◆ **WHAT NEEDS TO BE DONE**: With the pictures omitted, print exactly the lines below, from the one containing "Body Magnetic Puzzle" through the one containing "gorilla gif gif", and nothing else.

◆ **THE DATA**:
◇ ◇ ◇ ◇

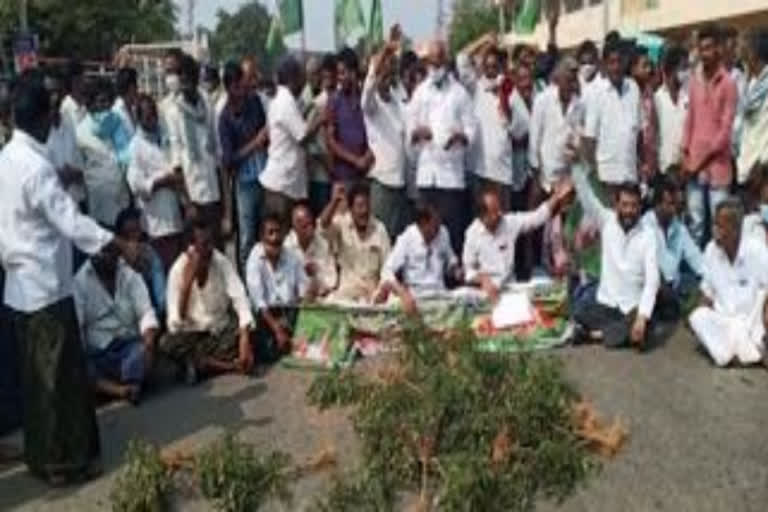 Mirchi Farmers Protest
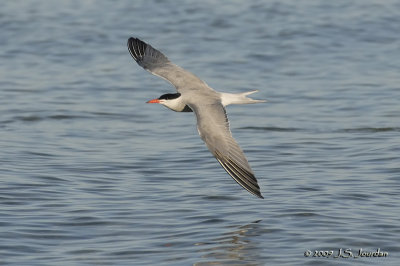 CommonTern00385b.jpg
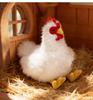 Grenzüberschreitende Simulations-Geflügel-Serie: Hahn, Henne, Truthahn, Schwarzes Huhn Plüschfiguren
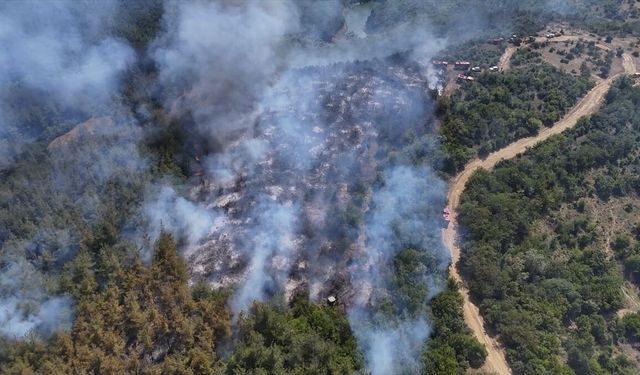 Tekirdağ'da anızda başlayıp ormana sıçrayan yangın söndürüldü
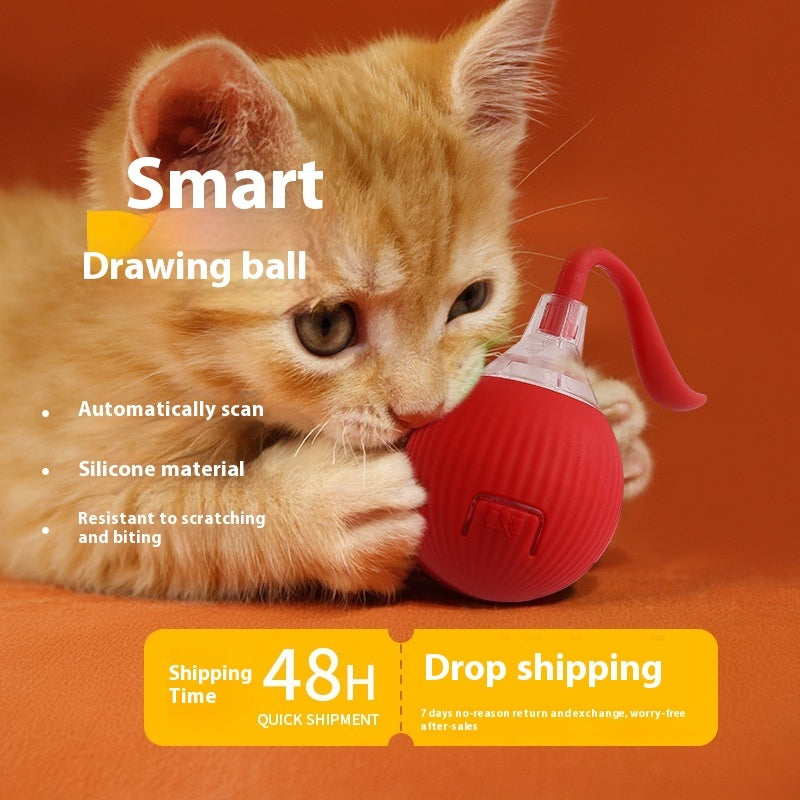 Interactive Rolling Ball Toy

◇ ◇ ◇ ◇

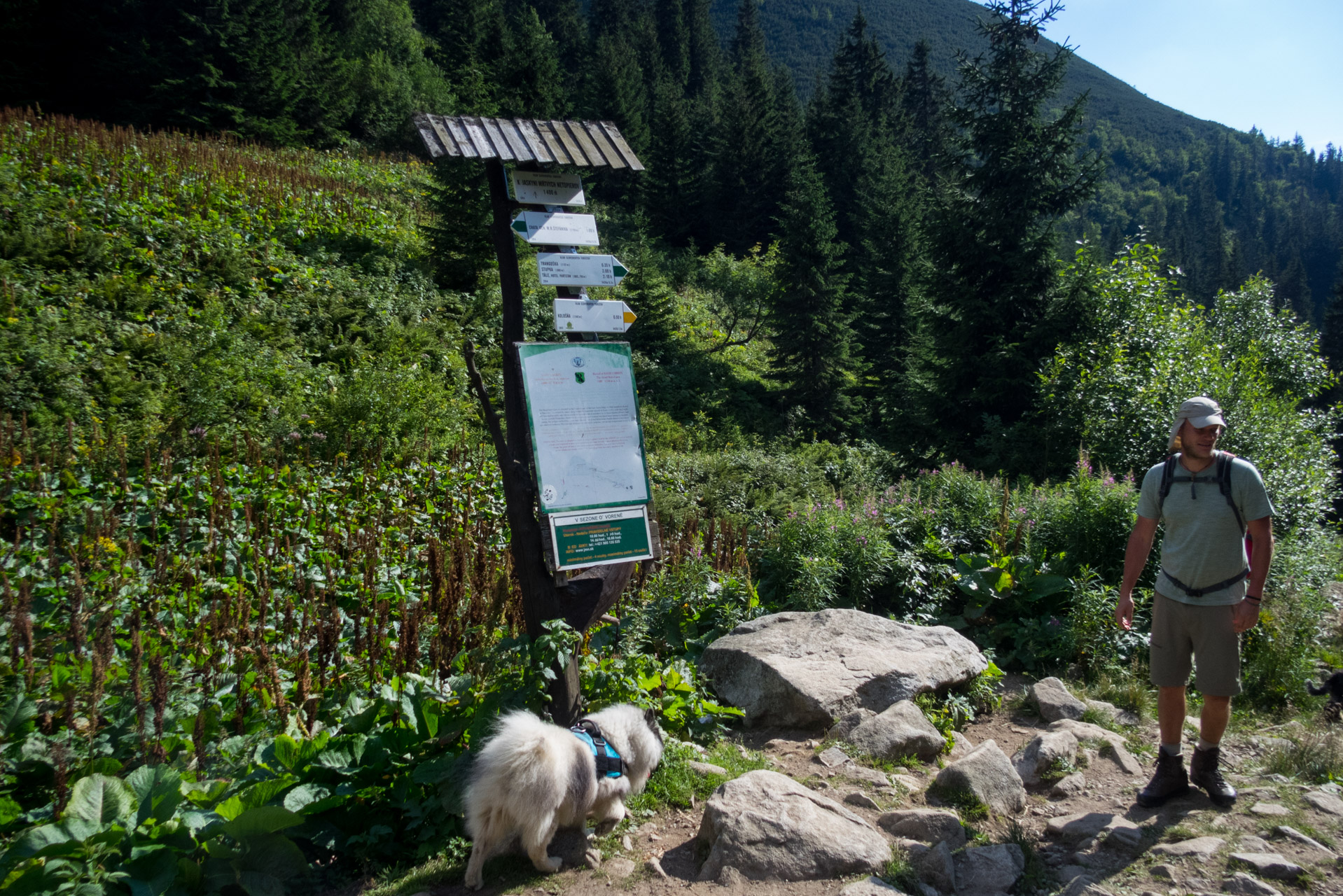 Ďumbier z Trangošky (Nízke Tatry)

◇ ◇ ◇ ◇

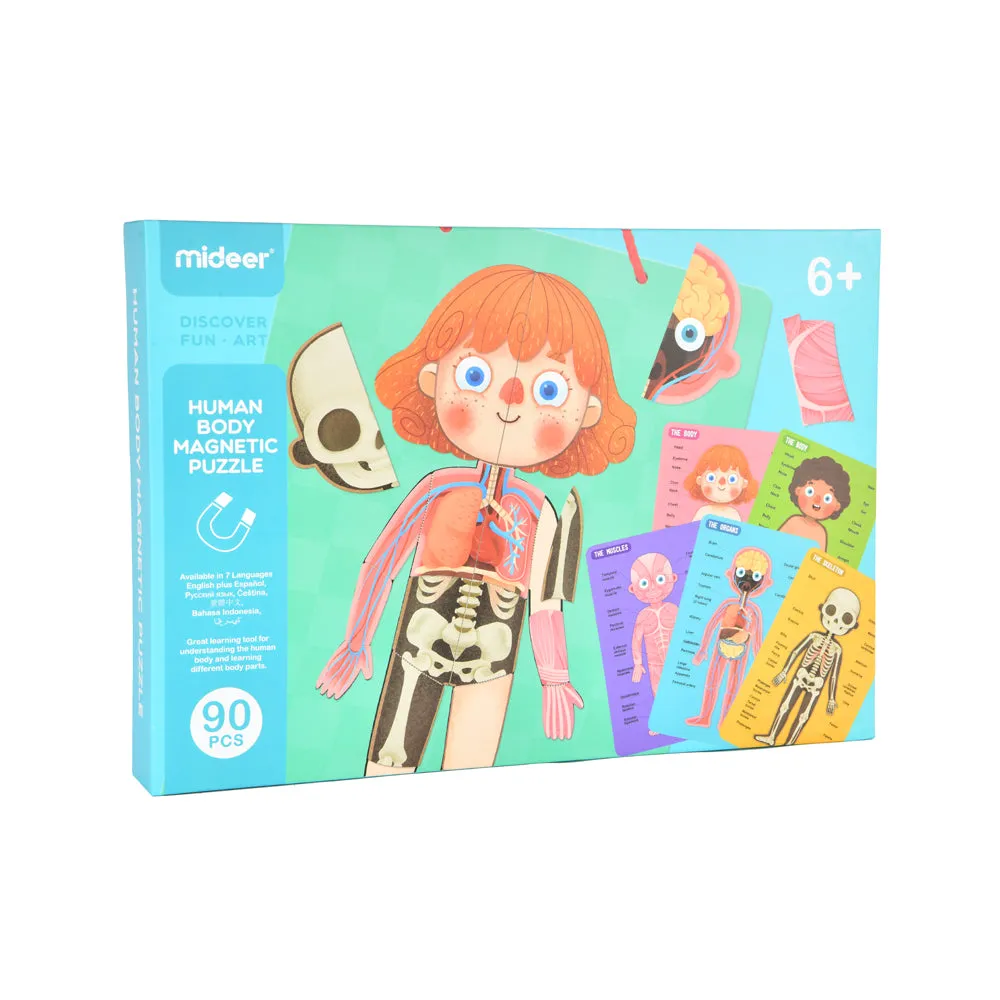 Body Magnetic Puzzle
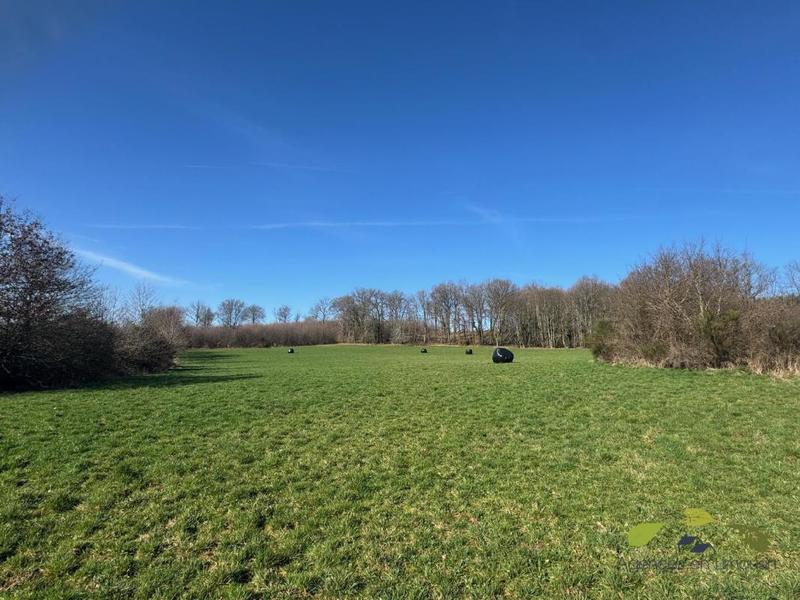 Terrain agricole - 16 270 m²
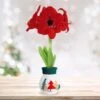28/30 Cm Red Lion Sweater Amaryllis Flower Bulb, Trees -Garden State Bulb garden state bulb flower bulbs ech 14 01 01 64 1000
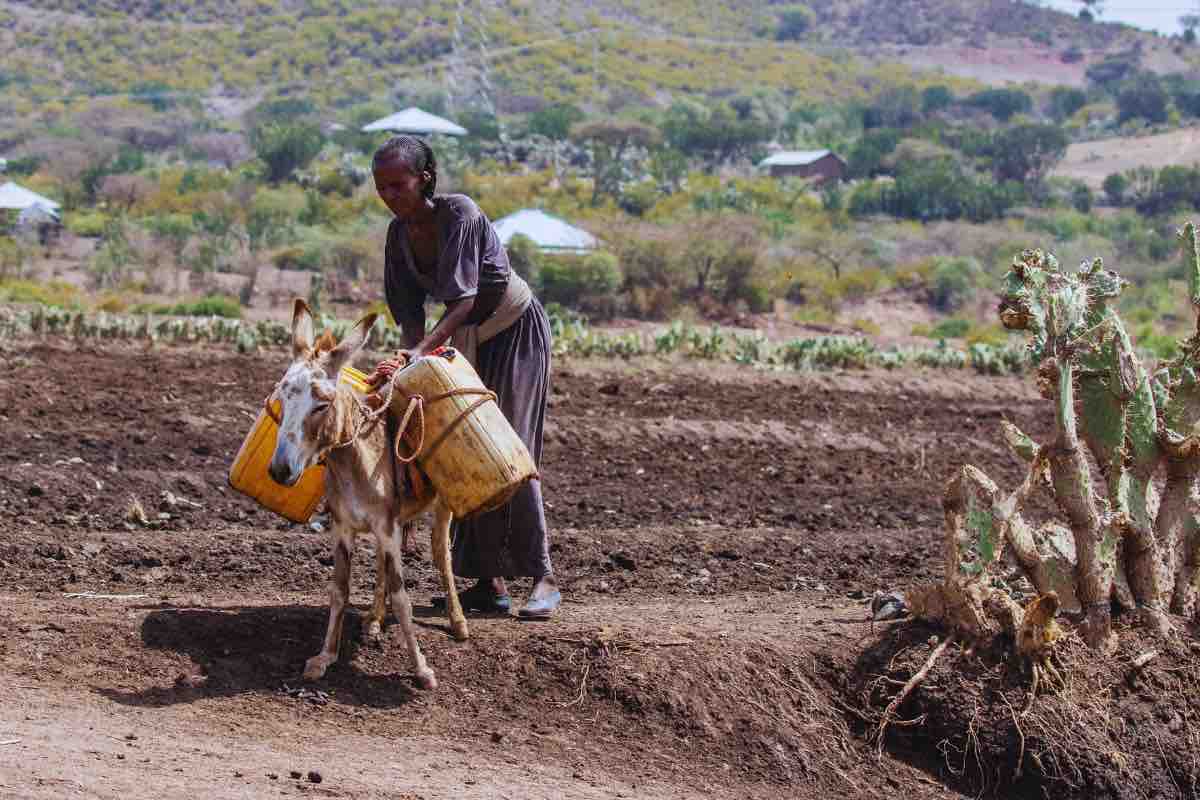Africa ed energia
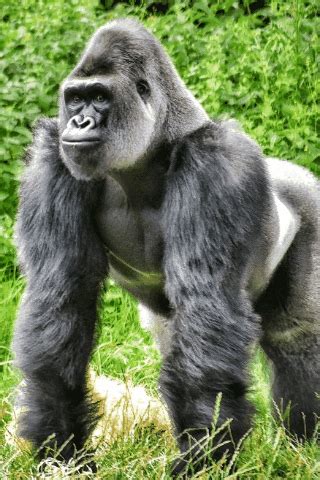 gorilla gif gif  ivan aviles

◇ ◇ ◇ ◇

◆ **EXERCISE ANSWER**:
 Body Magnetic Puzzle
 Terrain agricole - 16 270 m²
28/30 Cm Red Lion Sweater Amaryllis Flower Bulb, Trees -Garden State Bulb garden state bulb flower bulbs ech 14 01 01 64 1000
Africa ed energia
 gorilla gif gif  ivan aviles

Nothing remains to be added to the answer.